En effet, le secteur est touché par une première vague d’annulation de crédits à hauteur de 202 millions d’euros, dont près de 96 millions visent directement le programme de la création artistique.
Des milliers d’emplois sont directement menacés par cette coupe dans le programme 131, qui se décline en trois actions : la première dédiée au spectacle vivant, la seconde appelée à financer les arts visuels, et la troisième orientée vers le soutien à l’emploi et la structuration des professions.
Ces annonces constituent une nouvelle atteinte à l’ensemble de cet écosystème, déjà largement déstabilisé par la sortie complexe de la crise sanitaire, des crises inflationniste et énergétiques.
Si la ligne budgétaire complémentaire « Mieux produire, Mieux diffuser » est conservée – alors que nombre de professionnels ont dénoncé une mise en œuvre chaotique et une logique de concentration dangereuse pour la diversité artistique – il faut constater qu’elle ne pourra pas se déployer dans ce contexte : comme le souligne le SYNDEAC : « Comment en effet chercher à « mieux » produire ou « mieux » diffuser, quand plus personne ne parvient à produire ni à diffuser dans des conditions décentes ? ».

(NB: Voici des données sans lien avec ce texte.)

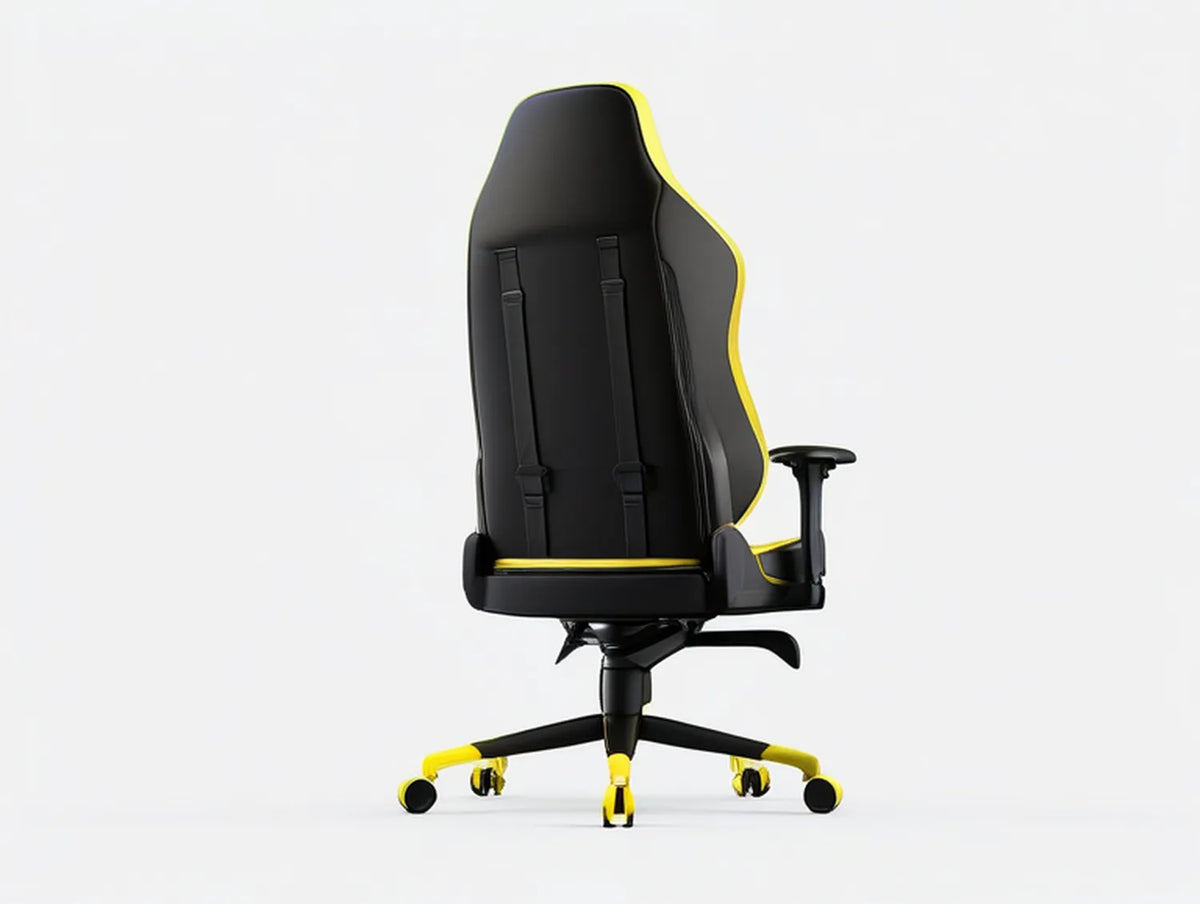 Black and Yellow High-Back Gaming Chair with Adjustable Armrests, 27.6 x 27.6 x 49.2-53.1 in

Pour cette année 2023 l’activité artistique est en berne ; et pour cause, les équipes ne peuvent plus produire, les coproducteurs et les diffuseurs voient le disponible pour l’activité artistique se restreindre continuellement.

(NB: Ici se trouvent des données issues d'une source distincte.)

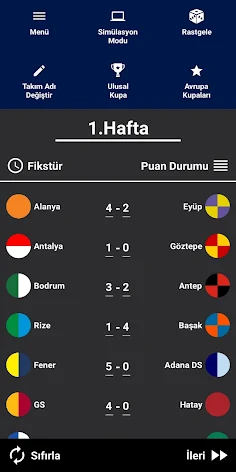 Türkiye Süper Lig Simülasyon - Screenshot 1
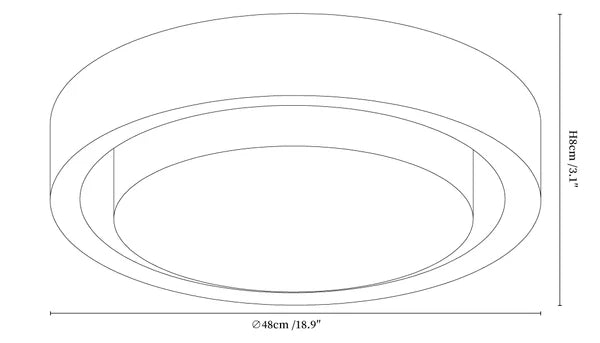 Plafonnier rond en bois et verre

Contrairement au reste des budgets alloués au service public de l’art et de la culture, les fonds publiques consacrés au Pass Culture, décidé par le seul président de la République, ont quant à eux progressé de manière exponentielle.
En 6 ans, le dispositif a bénéficié de 250 millions sur le budget du ministère de la culture, complétés par une dotation de plus de 50 missions au ministère de l’Éducation nationale pour un montant estimé à 300 millions.

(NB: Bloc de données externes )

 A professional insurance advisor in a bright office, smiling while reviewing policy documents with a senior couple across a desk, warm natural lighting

L’écart est de taille, alors qu’en 70 ans de politique culturelle de la décentralisation, le budget alloué par l’État au spectacle vivant (aide aux lieux et aux équipes artistiques) n’a jamais dépassé les 280 millions.
Cette politique du bons d’achat en lieu et place d’une politique publique de médiation et d’exigence artistique fragilise encore le service public de l’art et de la culture, comme cela a été souligné par la Commission des finances du Sénat et la Cour des Comptes, qui ont rendu des conclusions très critiques des premières années d’application du dispositif en juillet 2023.
De même, Madame la ministre de la Culture a exprimé des réserves en mars 2024, considérant que le dispositif « reproduit les inégalités culturelles et sociales » et qu’une réforme était nécessaire.
Ainsi, dans un contexte où les coupes budgétaires sur le programme 131 sont inédites et laissent à craindre des effets dramatiques sur la création artistique et culturelle, l’absence de ciblage du Pass Culture interroge.
Cela, d’autant que les mesures d’austérité viendront encore restreindre davantage le budget des collectivités territoriales, ne leur permettant plus d’assurer leur rôle de premier partenaire des structures artistiques et culturelles de leur territoire.
Aussi, il demande si le gouvernement entend renoncer aux coupes budgétaires annoncées sur le programme 131, si un soutien complémentaire était prévu pour refinancer le service public de l’art et la culture, et si les fonds alloués au Pass Culture allaient faire l’objet d’une étude approfondie afin d’envisager une réallocation.